Le fait que votre saison se soit jouée sur le dernier match, cela influence le bilan final ?
”Non. Le bilan que l’on a tiré en interne, sur la période depuis mon retour, est très bon. La qualification pour les playoffs n’était pas l’objectif initial, ne l’oublions pas (NdlR : il parlait de maintien à son arrivée). La neuvième place finale ne doit pas occulter le bilan des dix-sept matchs. Sur cette tranche, on est troisième ex aequo (NdlR : avec 29 points sur 51). Si ce dernier match contre Genk s’était déroulé plus tôt dans la saison ou s’il n’avait pas été couperet, tout le monde aurait dit que notre prestation et le résultat étaient merveilleux.”
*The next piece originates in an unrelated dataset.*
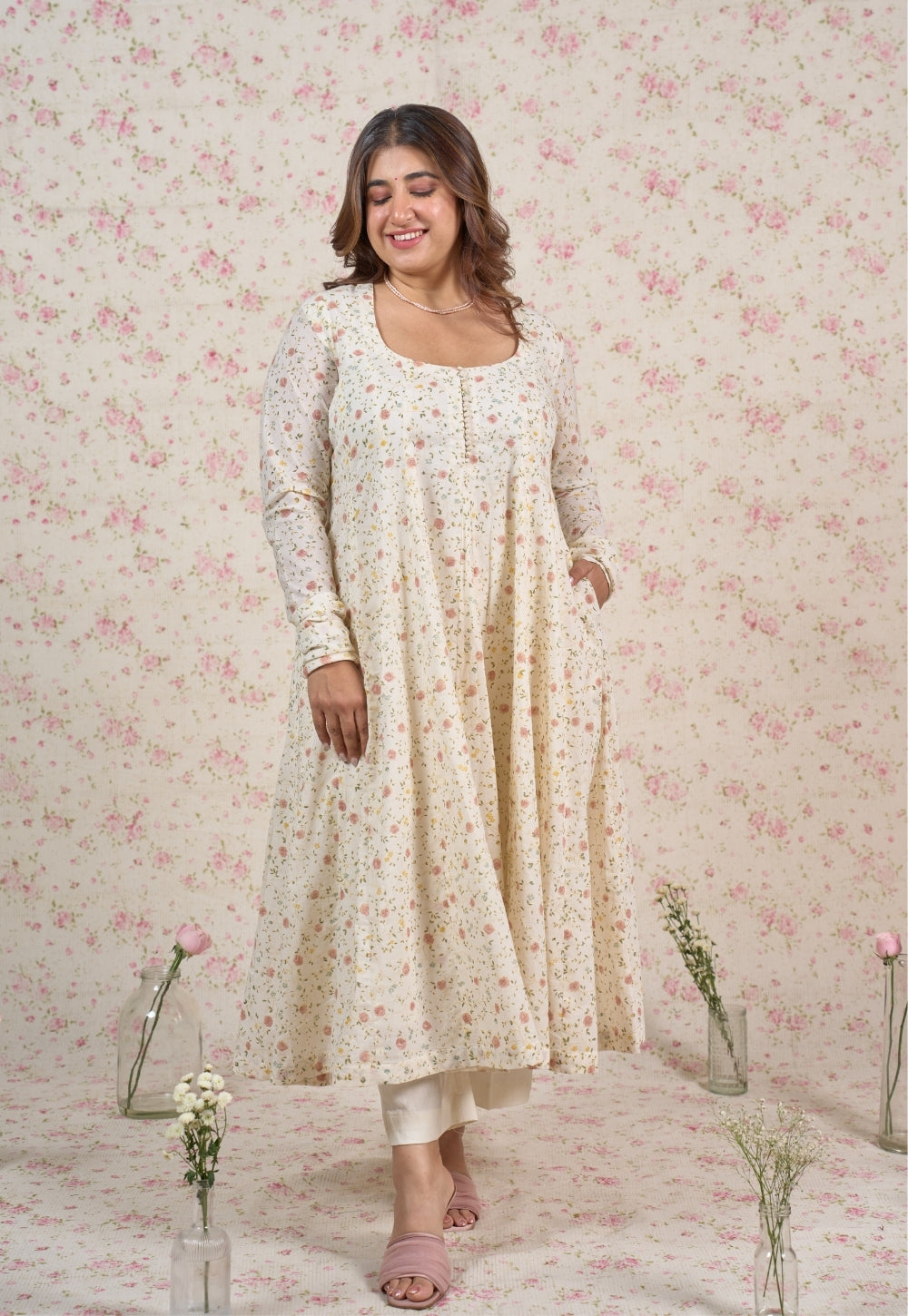 Tira White Sanganeri Mul Cotton Kali Kurta Set (Set of 2)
Qu’est-ce que cela a changé pour vous de reprendre une équipe en cours de saison ?
”C’est la première fois que cela m’arrive en 25 ans de carrière, peu importe la division. J’étais moi aussi dans le questionnement. Mais finalement, avec beaucoup d’humilité, c’est une réussite. Et elle est collective.”
Qu’est-ce que ça vous a appris, sur vous-même et sur le métier ?
”Quand vous entamez une saison dans un club, les choses sont claires. Vous démarrez de zéro et vous avez le temps d’inculquer vos idées et votre philosophie. Quand vous reprenez une équipe en cours de saison, vous devez convaincre les joueurs de changer des choses acquises les mois précédents avec l’ancien entraîneur. Souvent dans l’urgence. Il faut aller à l’essentiel. Donc l’approche est différente.”
Quand on est dans l'urgence, on ne sait pas laisser le même crédit aux joueurs.
À quel niveau, par exemple ?
”Dans mon coaching ou certains choix. Vu notre situation sportive à la trêve (NdlR : 13e à six points du premier relégable), j’ai dû faire des choix parfois très rapidement pour une dynamique de groupe. On ne sait pas laisser le même crédit aux joueurs quand on est dans l’urgence. C’était parfois contre-nature pour moi, mais j’ai toujours expliqué mes décisions aux joueurs.”
Souhaitez-vous apporter des modifications organisationnelles pour la saison prochaine ?
”On doit toujours améliorer des choses. Mais dans le staff même, je n’ai pas envie de changer quoi que ce soit (Ndlr : il est arrivé avec son analyste vidéo Sandro Salamone). J’ai fait confiance aux personnes présentes autour de moi et elles me l’ont bien rendu. Le staff a fait un travail extraordinaire.”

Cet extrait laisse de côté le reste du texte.